Another sign of being in equilibrium must be repeated feelings of equanimity about things that would normally bother you. I was enjoying work that was by definition boring, like passing bricks up the hillside as part of a chain of women so that the catchment system could be repaired. Then I even enjoyed some rather grueling forays out into the desert to harvest grapple plant. This was actually one of the sub rosa products of Tsau, and it was another case of being honored by being asked to join the teams, which were made up exclusively of senior—and so presumably more trustworthy—women, and women for the most part without male collaterals of any sort on the scene. Tsau received a huge price for the plant, whose leaves went into a potion supposed to cure impotence. The buyer was a consortium of West German health food stores. The truncate, exoteric name for the teams was Kokotsetsa, the Upholders,
but the true, esoteric full name was Upholders of the Far Fallen Down Penises of the Europeans. I only went two or three times on day-trip gathering expeditions; in fact other teams scoured deep into the countryside, overnight and longer. The take for Sekopololo was fairly astounding, which I was delighted to find out because it demystified things and assuaged my drive toward a marxist interpretation of every institution that manages to persist over time, id est where does the money come from? I think marxism should be called cui bonism, from cui bono, which is what it comes down to. That year the harvest was immense. The runs I made were really gleaning exercises, decided on because of the unusual rain, which meant that this late second harvest was a good idea.

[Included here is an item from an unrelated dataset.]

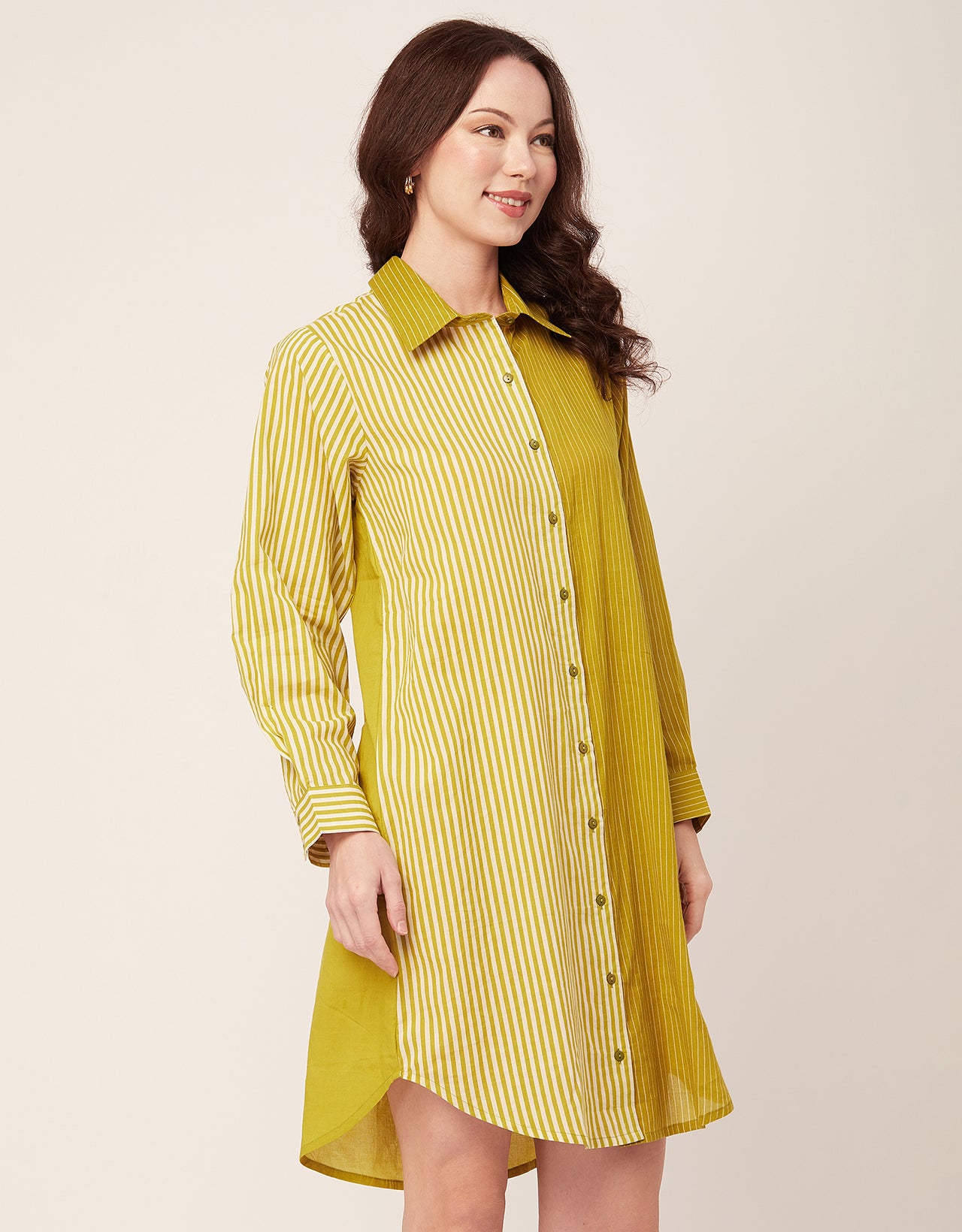 Printed Button Down Midi Shirt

I put the climax of this period at my return from one of the grapple plant expeditions, probably the last. It was toward two or three in the afternoon. Nelson was nowhere, no one had seen him, so I sought him in a place I knew he liked, a ledge on the south side of the koppie, high up, overhung with mopane trees, and there he was.
There he was, on a goatskin, prone, furiously reading his Nonesuch Blake, doing something he was always haranguing the world, through harangues to me, to do—that is, stop and read during the prime part of the day, not when you’re at the end of your strength and when reading competes with television and paying your bills. In the good society you would see people reading during the heart of the day: there would be provision for it. Nelson was lying on the goatskin with two pillows under his chest, wearing canvas shorts, no socks or sandals, and a bulky black cowl sweater I didn’t know he owned.